芸術新潮 2013年 03月号 [雑誌]

GWも後半に突入!特にどこに行く予定もないものですから、せめて誌上で世界のブリューゲルの作品をめぐろう!ってことで、購入していた「芸術新潮」3月号のブリューゲル特集をじっくり読んでみることにしました。思わず衝動買いしてしまったブリューゲルの全作品が掲載されている本誌。誌上で特別講義をしてくださいますのは、長年ブリューゲルの研究をなさっている明治大学名誉教授の森洋子先生。さまざまな見識に裏打ちされた解説は、読んでいてとっても興味深い!

ところで、今回紹介されているのはピーテル・ブリューゲル(父)。息子にヤン・ブリューゲルとピーテル・ブリューゲル2世がいて、その息子もピーテル・ブリューゲルだったりして、ややこしいことこの上ないのですが、私たちがよく知っている「バベルの塔」とか「農民の祝宴」とか「雪中の狩人」とか、ウィーンの美術史美術館でたくさん見れるのは(父)の作品であります。

なぜブリューゲルの作品に魅かれるか。まず農民とか市井の人が思い思いにたくさん描かれていて、その様子が生き生きして楽しげだから…。でも今回、一枚一枚の絵の細かいところまでじっくり見てみると、描かれている人たちの顔は、あまり幸福そうな良い表情ではない。むしろ、人間の内面が表出したような、けっこうグロテスクな表情をしている…大人も子供も。

農民画家とも言われるブリューゲルですが、実は都会で修練し画家として生きた人で、絵には宗教的なテーマが数多く取り上げられ、また市井の人々を描いた作品も、どちらかといえば寓意を含む教訓画が多いようです。「ネーデルラントの諺」といいう作品には、何と!85もの諺を体現した人やもろもろが作品の中に散りばめられています。「神に亜麻のひげをつける」(計略で人を騙す)、そのままなんだけど、神様が男につけ髭をつけられている様子って、何だか可笑しいです。

ブリューゲルの作品は、そういう細かい表現をひとつひとつ読み解くのが、けっこう楽しいのではないかと思います。有名な「バベルの塔」でも、その周りに描かれている家のひとつひとつの細かいこと!誌上では、ブリューゲルの絵の中に描かれている料理を再現するという試みもあって、結局予想でしかないのですけど、けっこう美味しそうでした。

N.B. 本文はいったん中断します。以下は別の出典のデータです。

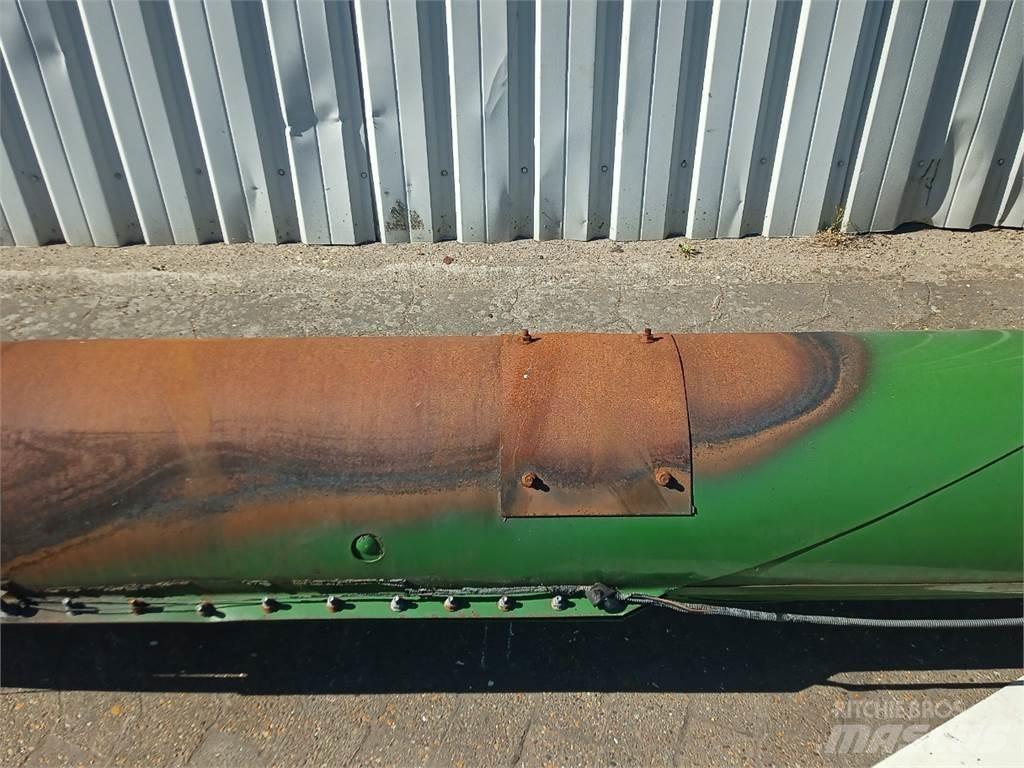 John Deere 9540 Príslušenstvo a náhradné diely ku kombajnom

ブリューゲル(父)は、40歳代で亡くなったそうで、残された作品も40数点しかないそうです。ウィーン美術史美術館の静寂の中で見た体験が、どんなに贅沢であったかを今さらながら思い知らされますね~。まだ真贋のはっきりしない作品もあり、私が以前、神戸で見た「イカロスの墜落のある風景」は、追随者のコピーであることが判明しているそうです。あらま~。

誌面上でじっくり細かいところまで見れるのもいいのですけれど、やはり本物を見たくなりました。もし世界中のブリューゲルが一堂に集まったりしたら、スゴイだろうな~!!あり得ないかな~!!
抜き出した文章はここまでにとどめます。